> [Work request] Find the line below with "Just two wires" and the line with "Featuring color-coded ReSTER". Output exactly those lines and everything between them, leaving out the pictures.

> [Data supplied]
══════════

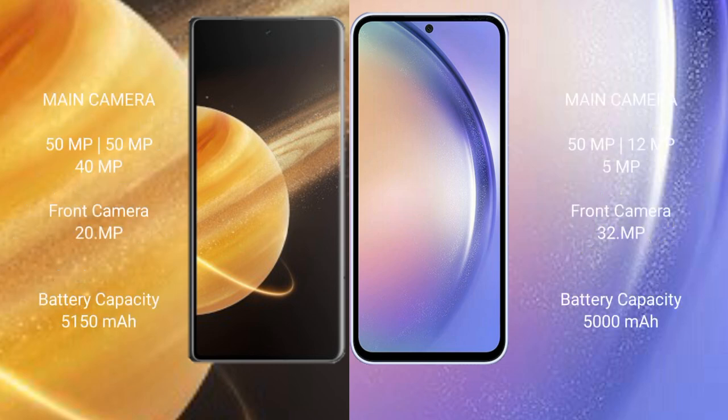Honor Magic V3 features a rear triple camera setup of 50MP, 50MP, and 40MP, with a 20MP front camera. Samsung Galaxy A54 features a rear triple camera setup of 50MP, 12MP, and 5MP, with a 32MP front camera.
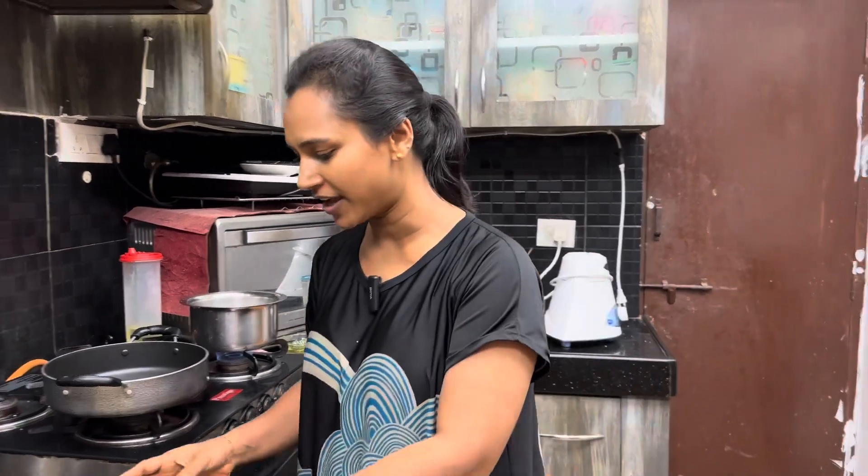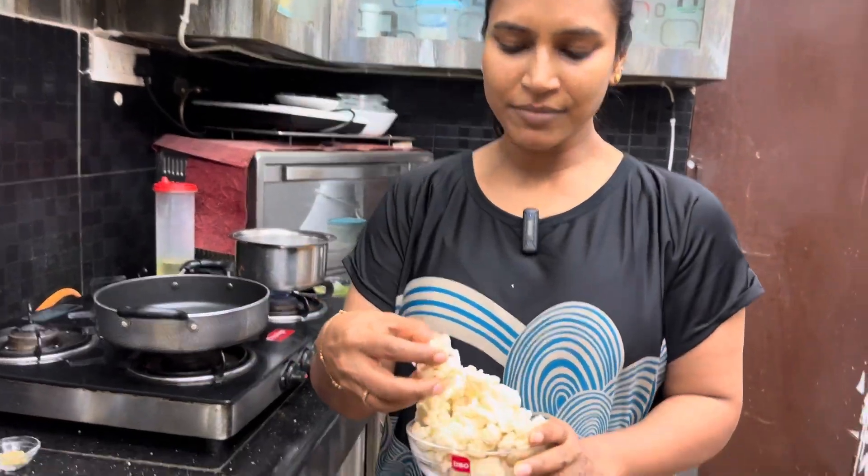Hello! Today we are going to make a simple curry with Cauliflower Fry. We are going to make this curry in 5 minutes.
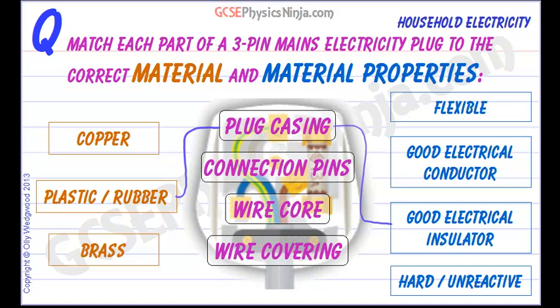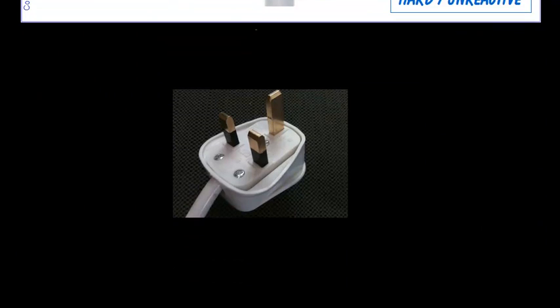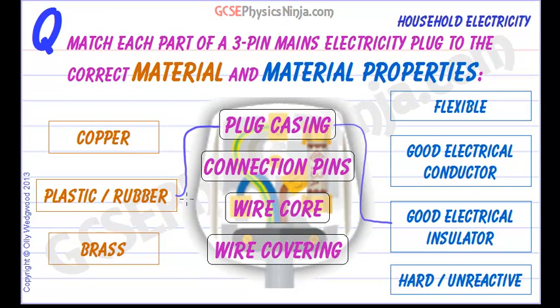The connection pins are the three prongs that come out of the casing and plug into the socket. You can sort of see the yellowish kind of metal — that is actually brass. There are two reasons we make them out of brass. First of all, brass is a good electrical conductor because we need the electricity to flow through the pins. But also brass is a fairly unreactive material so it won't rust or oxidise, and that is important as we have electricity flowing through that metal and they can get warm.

══════════

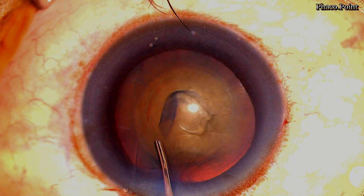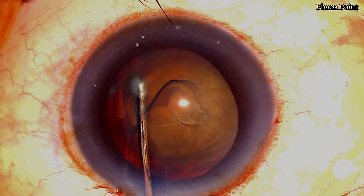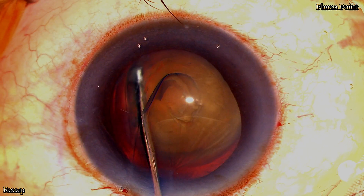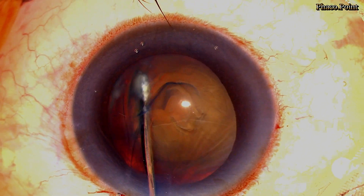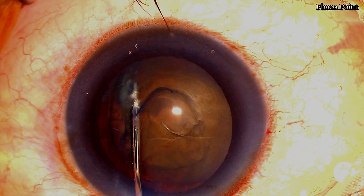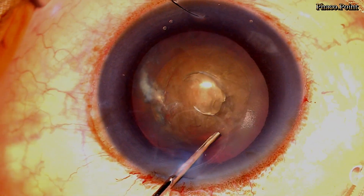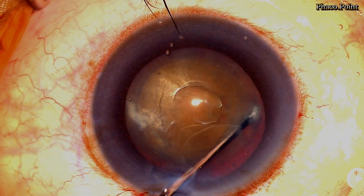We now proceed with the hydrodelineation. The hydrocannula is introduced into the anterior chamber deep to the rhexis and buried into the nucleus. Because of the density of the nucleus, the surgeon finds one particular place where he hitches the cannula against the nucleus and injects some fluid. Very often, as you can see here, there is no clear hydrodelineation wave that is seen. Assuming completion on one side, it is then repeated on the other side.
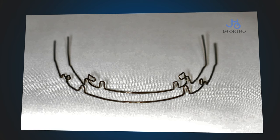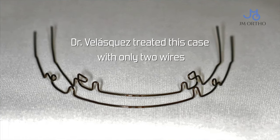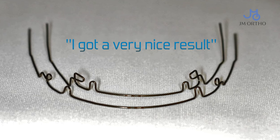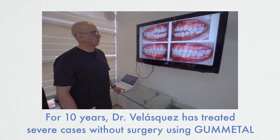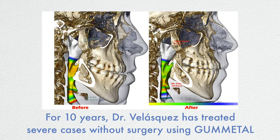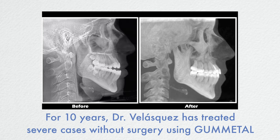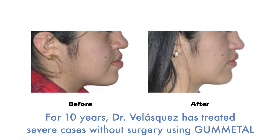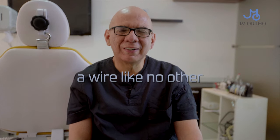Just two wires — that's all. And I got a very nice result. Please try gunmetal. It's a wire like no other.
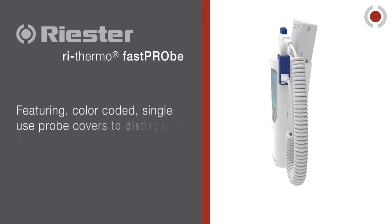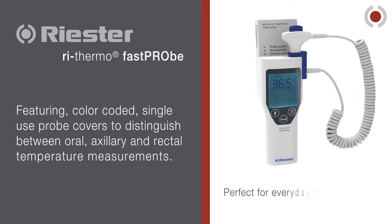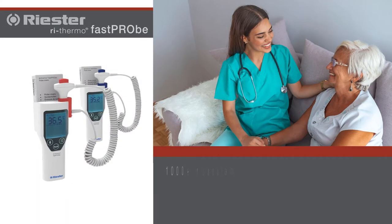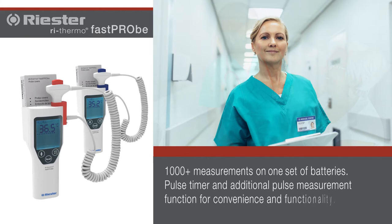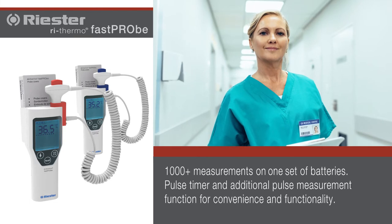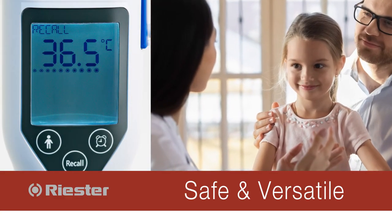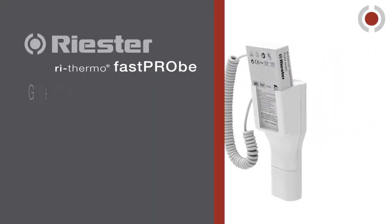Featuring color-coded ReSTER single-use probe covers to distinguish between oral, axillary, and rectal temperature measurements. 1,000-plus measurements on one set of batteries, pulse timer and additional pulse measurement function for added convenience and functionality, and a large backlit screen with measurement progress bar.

══════════

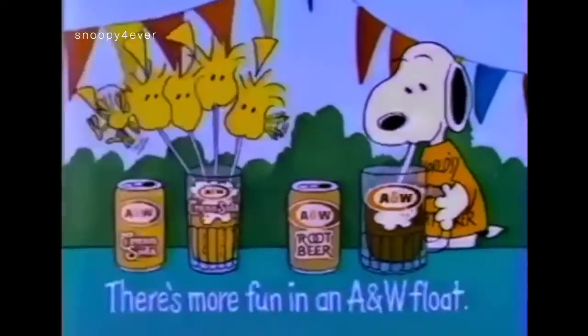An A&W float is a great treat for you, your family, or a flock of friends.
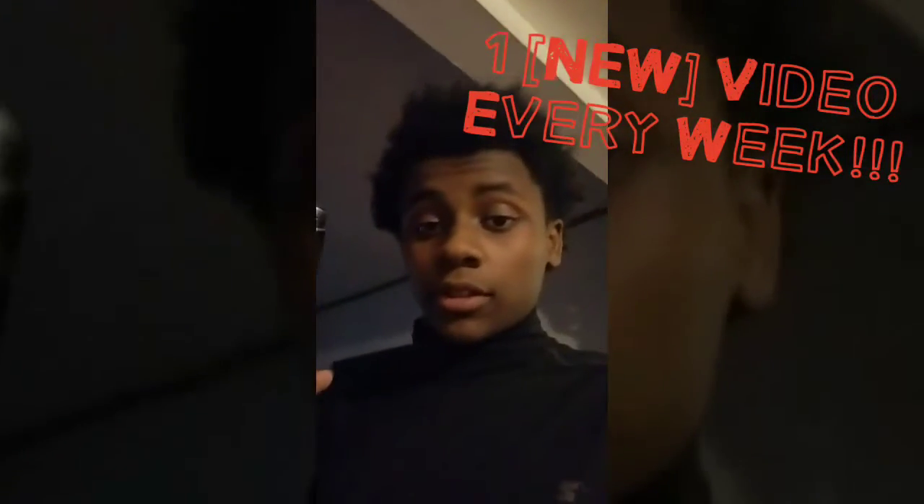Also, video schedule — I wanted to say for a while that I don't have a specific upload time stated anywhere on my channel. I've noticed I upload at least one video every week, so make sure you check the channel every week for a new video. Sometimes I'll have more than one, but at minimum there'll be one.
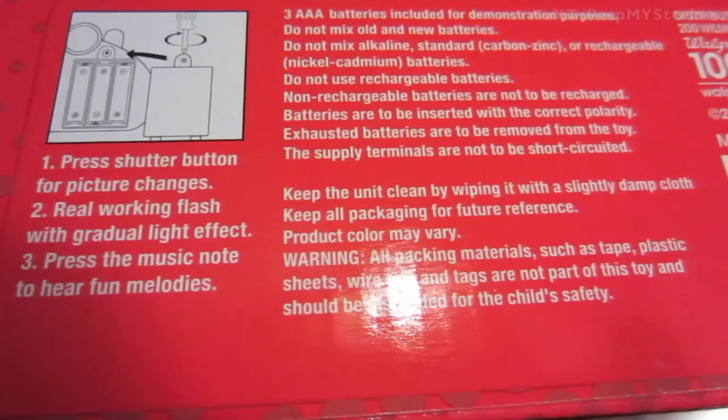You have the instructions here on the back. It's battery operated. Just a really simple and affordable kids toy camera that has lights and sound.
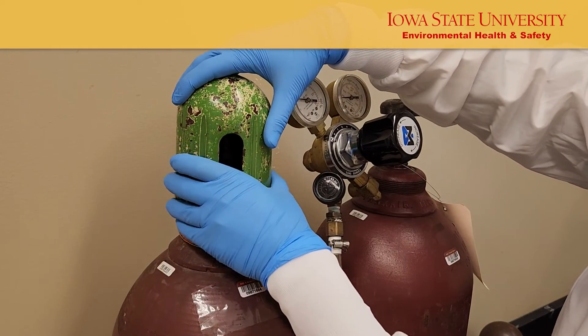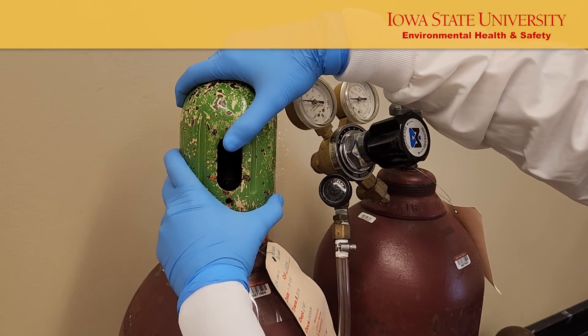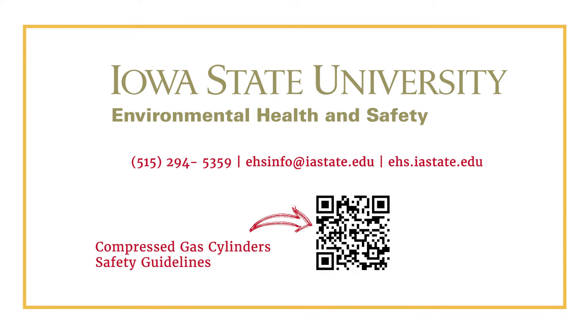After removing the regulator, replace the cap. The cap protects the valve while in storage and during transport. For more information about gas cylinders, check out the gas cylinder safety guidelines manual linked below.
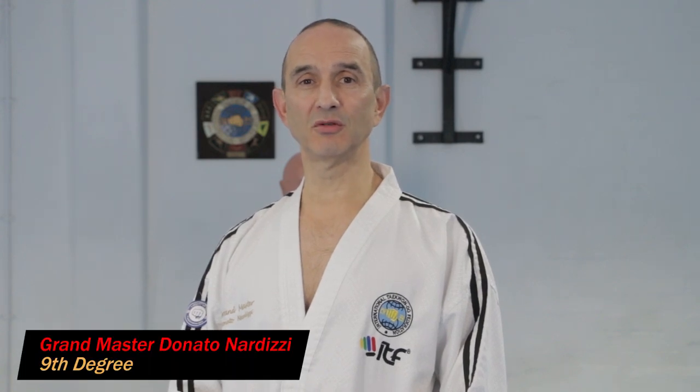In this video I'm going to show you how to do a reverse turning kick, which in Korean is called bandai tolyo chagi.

══════════

> [Task response]
Just two wires — that's all. And I got a very nice result. Please try gunmetal. It's a wire like no other.
Featuring color-coded ReSTER single-use probe covers to distinguish between oral, axillary, and rectal temperature measurements. 1,000-plus measurements on one set of batteries, pulse timer and additional pulse measurement function for added convenience and functionality, and a large backlit screen with measurement progress bar.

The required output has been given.